Hughes, supra was relied upon by us in State v. Bucholz, 403 N.W.2d 400 (S.D.1987) and in [State v. Ford, 328 N.W.2d 263 (S.D.1982)].

State v. Munk, 453 N.W.2d 124, 125 (S.D.1990)(emphasis original).

[¶ 5] Puthoff contends the trial court unlawfully increased his sentence in a manner not consistent with the oral sentence when it added the words “[s]eparate transactions” to his written sentence. He argues this is because the designation of his crimes as arising from separate transactions increases the length of time he must serve in the penitentiary before becoming eligible for parole. This argument is based on the provisions of SDCL 24-15-7:

In the determination of an inmate’s eligibility for consideration for parole, two or more convictions arising from the same transaction, for which the sentences are made to run consecutively, shall be considered as one conviction. Two or more sentences arising from different transactions for which the sentences are made to run consecutively shall be considered as separate convictions. In determining the eligibility date for a person receiving two or more sentences which are made to run consecutively, the sentences shall be added together and the total number of convictions shall then determine the total amount of time to be served before becoming eligible for consideration for parole subject to the provisions of § 24-15-5.

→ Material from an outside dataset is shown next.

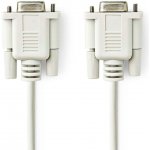 Nedis CCGL52055IV20 – Zboží Živě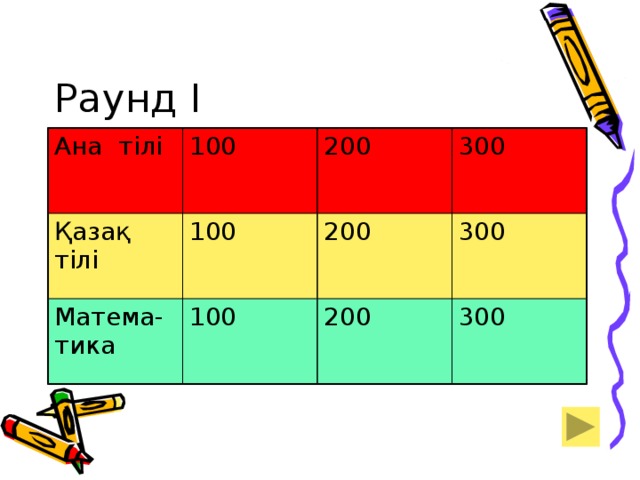 Раунд I Ана тілі 100 Қазақ тілі 100 200 Матема-тика 300 200 100 300 200 300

Puthoff asserts the computations required under this provision lead to the following results in his case:

[Treating [Puthoffs] convictions as one transaction would mean that he must serve three years, one month and 15 days before becoming eligible for parole. If his convictions are treated as separate transactions, he must serve four years, eight months and seven days before becoming parole eligible, a difference of nineteen months in the Penitentiary with no chance for conditional release.

State does not dispute these calculations in its brief and, therefore, for purposes of this decision, we presume they are accurate.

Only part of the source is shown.